Merkel's use of solid colors sets her apart in the dark-suited 'boys' club' of international politics
Adding color to campaigns
It wasn't until Angela Merkel came to power in 2005 that German political dress took on a bit of color. Known for her trademark three-button pants suit by Hamburg designer Bettina Schoenbach, Merkel's standard look is black trousers with a blazer, one which seems to be available in so many colors that Dutch graphic designer Noortje van Eekelen has created a Pantone color chart based on which colors Merkel has worn.
Like any woman in the public eye, Merkel's look has been put under the microscope many times, with Germany's fashion elite either praising or deriding her. Der Spiegel dedicated an article to her with the headline, "[Angela Merkel] Fails to Dress for Success."
Chanel's long-time chief designer Karl Lagerfeld said, "She should perhaps wear a little less color and find someone who can tailor better trousers for her."
Nevertheless, in 2006 designer Wolfgang Joop declared Merkel the muse for his autumn/winter collection, proclaiming her "strong and fearless" style inspirational.
Whatever you think of Merkel's look, it stood in stark contrast to the Brioni suits favored by her predecessor, Gerhard Schroeder. (The brand is also a favorite of President Donald Trump, though it recently shifted away from the more traditional look with an ad campaign featuring the heavy metal band Metallica.)
And it's hard to imagine that Merkel - or any other candidate for the chancellor's office - will be handing over a 26,000-euro makeup bill, as French President Emmanuel Macron's office has recently done.
Merkel's main opponent, Martin Schulz from the Social Democratic Party, was very frankly asked by German daily Die Zeit whether he wasn't overdoing it a bit with his "cheap suits," which he'd been criticized for in the media.
Schulz replied that "he wasn't planning on changing" his off-the-rack suits, his glasses or his beard, adding that he'd never thought much about his suits.
Whether the price tag on Schulz's suits will impact German voters on September 24 remains to be seen, but Merkel has already been named chancellor three times. Has her appearance influenced voters?
The power of discussion
While it's impossible to say beyond any anecdotal evidence, the US-based non-profit Name It, Change It has conducted studies that show that women candidates, regardless or their political party or level of office, are confronted by sexism in the media that does play a role in how voters see them.

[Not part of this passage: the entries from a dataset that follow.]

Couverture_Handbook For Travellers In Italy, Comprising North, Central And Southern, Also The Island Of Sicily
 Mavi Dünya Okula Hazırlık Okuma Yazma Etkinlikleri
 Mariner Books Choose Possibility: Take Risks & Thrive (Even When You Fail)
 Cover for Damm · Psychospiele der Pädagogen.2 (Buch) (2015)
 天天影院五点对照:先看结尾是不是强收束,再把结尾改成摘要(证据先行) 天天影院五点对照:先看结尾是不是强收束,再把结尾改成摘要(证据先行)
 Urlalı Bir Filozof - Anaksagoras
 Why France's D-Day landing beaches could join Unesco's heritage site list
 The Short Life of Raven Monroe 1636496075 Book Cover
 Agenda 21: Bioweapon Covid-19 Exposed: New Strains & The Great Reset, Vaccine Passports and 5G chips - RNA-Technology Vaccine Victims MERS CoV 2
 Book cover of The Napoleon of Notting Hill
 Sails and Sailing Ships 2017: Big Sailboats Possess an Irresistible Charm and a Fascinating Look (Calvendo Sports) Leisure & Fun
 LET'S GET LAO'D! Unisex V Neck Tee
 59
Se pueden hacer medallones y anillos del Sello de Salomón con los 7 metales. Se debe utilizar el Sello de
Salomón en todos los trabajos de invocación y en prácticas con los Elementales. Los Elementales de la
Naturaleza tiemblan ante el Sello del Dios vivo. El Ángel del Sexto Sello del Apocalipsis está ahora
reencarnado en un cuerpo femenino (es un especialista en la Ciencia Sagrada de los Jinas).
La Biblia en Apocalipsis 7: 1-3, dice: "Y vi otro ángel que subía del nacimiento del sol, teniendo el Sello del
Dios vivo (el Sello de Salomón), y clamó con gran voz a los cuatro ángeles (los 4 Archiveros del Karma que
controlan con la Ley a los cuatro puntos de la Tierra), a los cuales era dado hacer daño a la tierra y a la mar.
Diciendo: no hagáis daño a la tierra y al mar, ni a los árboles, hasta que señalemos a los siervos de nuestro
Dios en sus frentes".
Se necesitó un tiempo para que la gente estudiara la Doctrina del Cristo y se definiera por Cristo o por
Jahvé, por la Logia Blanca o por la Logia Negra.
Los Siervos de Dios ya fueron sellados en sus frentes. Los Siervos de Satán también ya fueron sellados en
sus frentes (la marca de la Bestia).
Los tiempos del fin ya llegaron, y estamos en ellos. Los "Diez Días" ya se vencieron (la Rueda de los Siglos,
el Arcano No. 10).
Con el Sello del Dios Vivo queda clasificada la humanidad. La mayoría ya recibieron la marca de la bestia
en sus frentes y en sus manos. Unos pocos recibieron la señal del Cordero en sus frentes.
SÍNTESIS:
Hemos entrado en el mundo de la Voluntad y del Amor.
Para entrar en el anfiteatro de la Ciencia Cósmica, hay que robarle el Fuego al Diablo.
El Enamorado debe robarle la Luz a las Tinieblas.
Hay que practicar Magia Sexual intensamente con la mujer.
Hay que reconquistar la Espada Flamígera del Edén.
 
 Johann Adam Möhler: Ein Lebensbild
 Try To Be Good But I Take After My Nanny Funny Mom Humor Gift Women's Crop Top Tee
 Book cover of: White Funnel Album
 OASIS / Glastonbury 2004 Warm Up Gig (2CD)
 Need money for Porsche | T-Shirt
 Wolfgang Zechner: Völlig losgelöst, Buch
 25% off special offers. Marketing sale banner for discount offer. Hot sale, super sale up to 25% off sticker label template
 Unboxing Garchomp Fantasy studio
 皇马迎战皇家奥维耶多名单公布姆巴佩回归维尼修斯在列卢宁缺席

By focusing on a candidate's appearance – which is more often the case with female candidates – the media contributes to unconscious bias. In a study conducted in 2010, it was revealed that media coverage focusing on a woman candidate's appearance impacted her likeability, thereby making voters less likely to vote for her.
It didn't matter if the coverage was neutral, positive or negative, voter perceptions were such that the candidate was seen as less confident, effective and qualified than without the coverage. The same could not be said of male candidates, according to the study, whose likeability was not impacted even when appearances were discussed.
So all of the hours spent discussing Barack Obama's tan suit or John Kerry's flak jacket for duck hunting were for naught.
That's food for thought as the German election enters its final stretch, with voters heading to the polls on September 24. With three of the six strongest parties putting forth women candidates, media attention drawn to appearances – no matter how neutral – might indeed have an impact on how voters make their choices.